It was two days before Christmas. Little Ted, a one year old Jack Russell Terrier, was happily chasing a stick during breaks in the farm activity of removing the roof from a barn. Bringing the stick back on one occasion he decided to take a shortcut between the machinery lowering the roofing sheets, and the barn. His timing was extremely unfortunate and he was struck by a heavy, fifteen foot long, corrugated sheet as it came down. He cried out and ran under a trailer and his owner was apprehensive of what he would see when he coaxed him out. Surprisingly, a hind leg lameness was the only result.
Our vet, Amy, anaesthetised Ted and X-Rays showed that he had dislocated his hip. This joint consists of a socket (acetabulum) in the pelvis into which fits a ball of bone (the head) which is connected by a strut (the neck) to the thigh bone (femur). The head is held in the acetabulum by a ligament and the joint capsule.
Trauma to the hip can cause a fracture of the acetabulum, head or neck, or can tear the soft tissues resulting in a dislocation. In dogs and cats the dislocated head normally moves forwards and upwards. Whilst under anaesthetic the head was manipulated down and back into the acetabulum. If this had been successful the leg would have been placed in a sling. Unfortunately the head kept popping out, which happens in about two thirds of cases.
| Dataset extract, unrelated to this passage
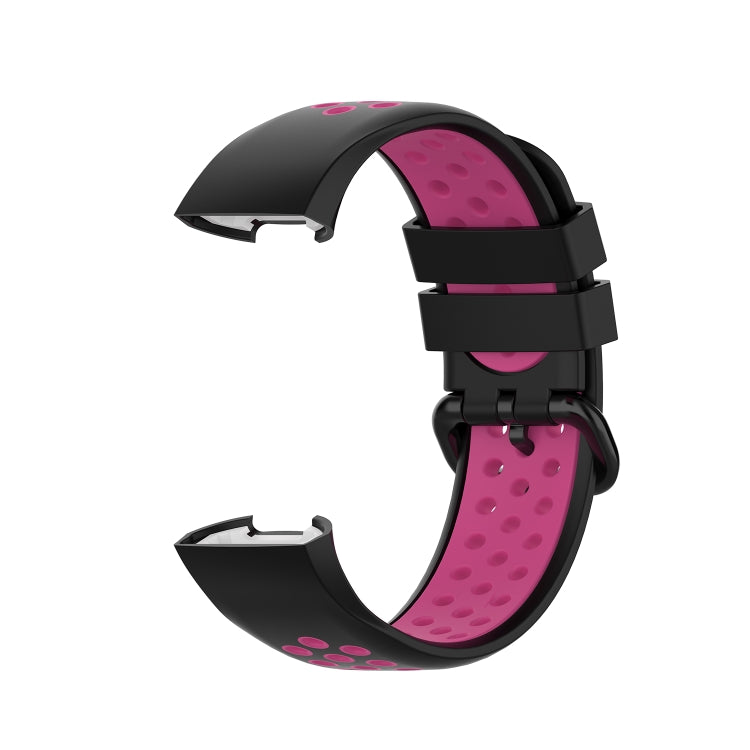 For Fitbit Charge 4 / Charge 3 / Charge 3 SE Watch Button Two Colors Silicone Replacement Strap Watchband(Black Rose Red) - Watch Bands by buy2fix | Online Shopping UK | buy2fix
The hip cannot be left dislocated as the head would be forced against the side of the pelvis causing discomfort and lameness. A surgical option was therefore required. One option is to incise down to the acetabulum, put the head back in and keep it in place with a false ligament, or a pin, and repair the joint capsule. This procedure has the benefit of restoring the normal anatomy but takes more time, needs a long recovery and can suffer complications. Another option in smaller dogs, and cats – which people often find bizzare – is the complete removal of the head and neck of the femur. As our patients stand on four legs the top of the femur that remains forms a false joint within the thick muscle over the pelvis. The result is usually very good leg function, with fewer complications and a quicker recovery. His owner opted for the second option.
I operated on Ted on the day after Boxing Day. The neck of the femur was identified and an oblique cut was made with an oscillating saw. This removed the head and neck and left a smooth surface that could glide past the pelvis without discomfort. When the head was examined it was seen that a small fragment was missing from one side. This fragment was found to be still in the acetabulum and was removed.
Ted recovered well and went home the following day. When he came in for stitch removal the site had healed well but he was still reluctant to put his foot down. Terriers are well known to keep holding a leg up when other breeds would be putting it down. His owner was shown how to flex and extend his leg before taking him out for slow walks. At a recent follow-up phone call it was pleasing to hear that he was making much better progress.